■ **Work item**:
Restate the full listing word for word; images stay out of it.

■ **Dataset excerpt**:
----

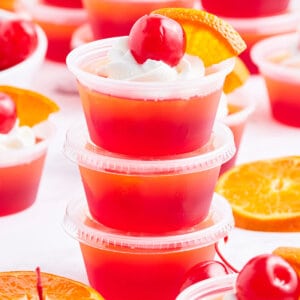 stack of 3 tequila sunrise jello shots garnished with whipped cream and a cherry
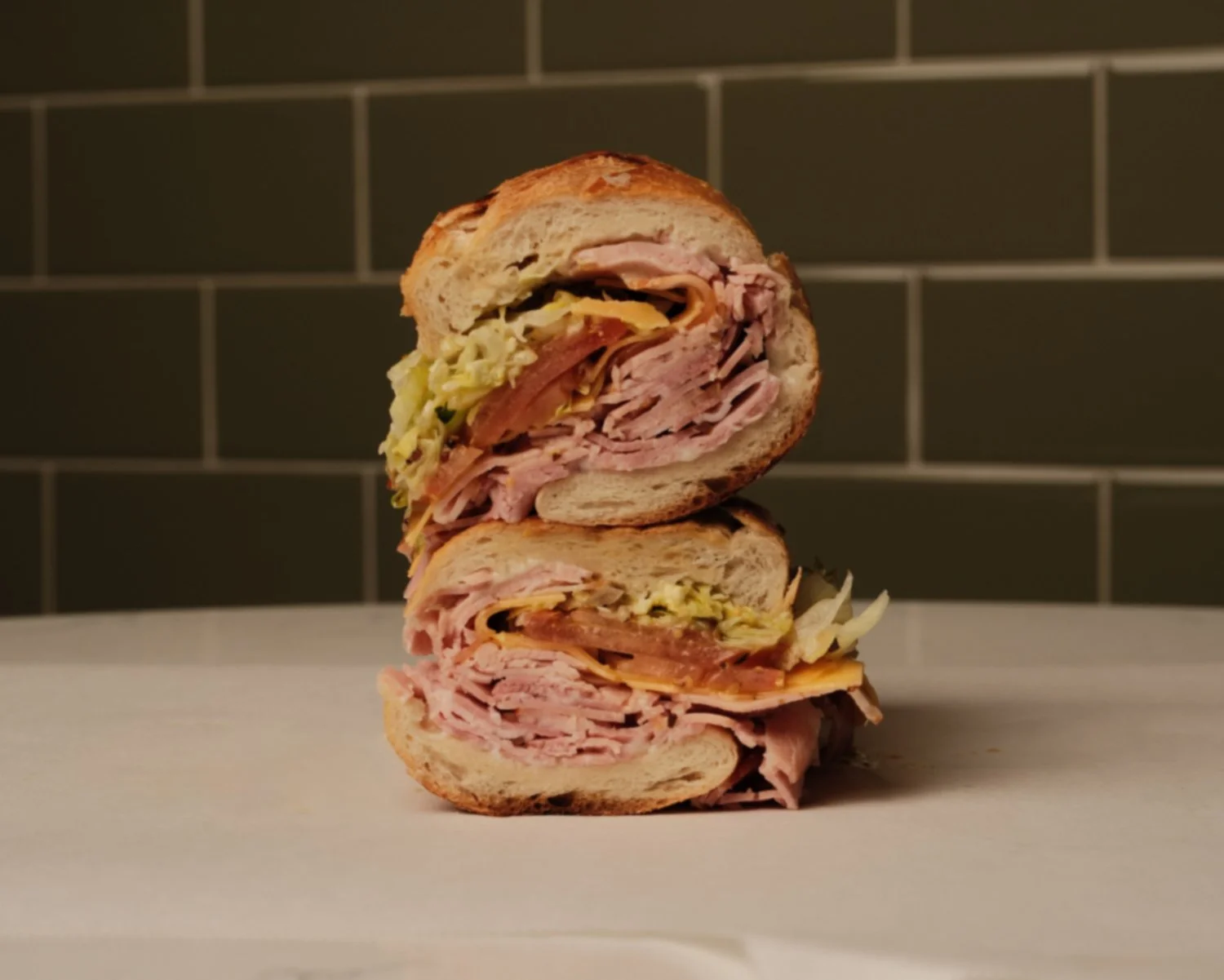 Stacked halved sandwiches with turkey, ham, cheese, lettuce, and tomato on a white surface with dark tiled wall in background.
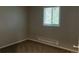 Bedroom featuring a window that lets in natural light and neutral-toned walls and carpet at 405 Dogwood Ave, Brighton, CO 80601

----

■ **Problem solution**:
 stack of 3 tequila sunrise jello shots garnished with whipped cream and a cherry
 Stacked halved sandwiches with turkey, ham, cheese, lettuce, and tomato on a white surface with dark tiled wall in background.
 Bedroom featuring a window that lets in natural light and neutral-toned walls and carpet at 405 Dogwood Ave, Brighton, CO 80601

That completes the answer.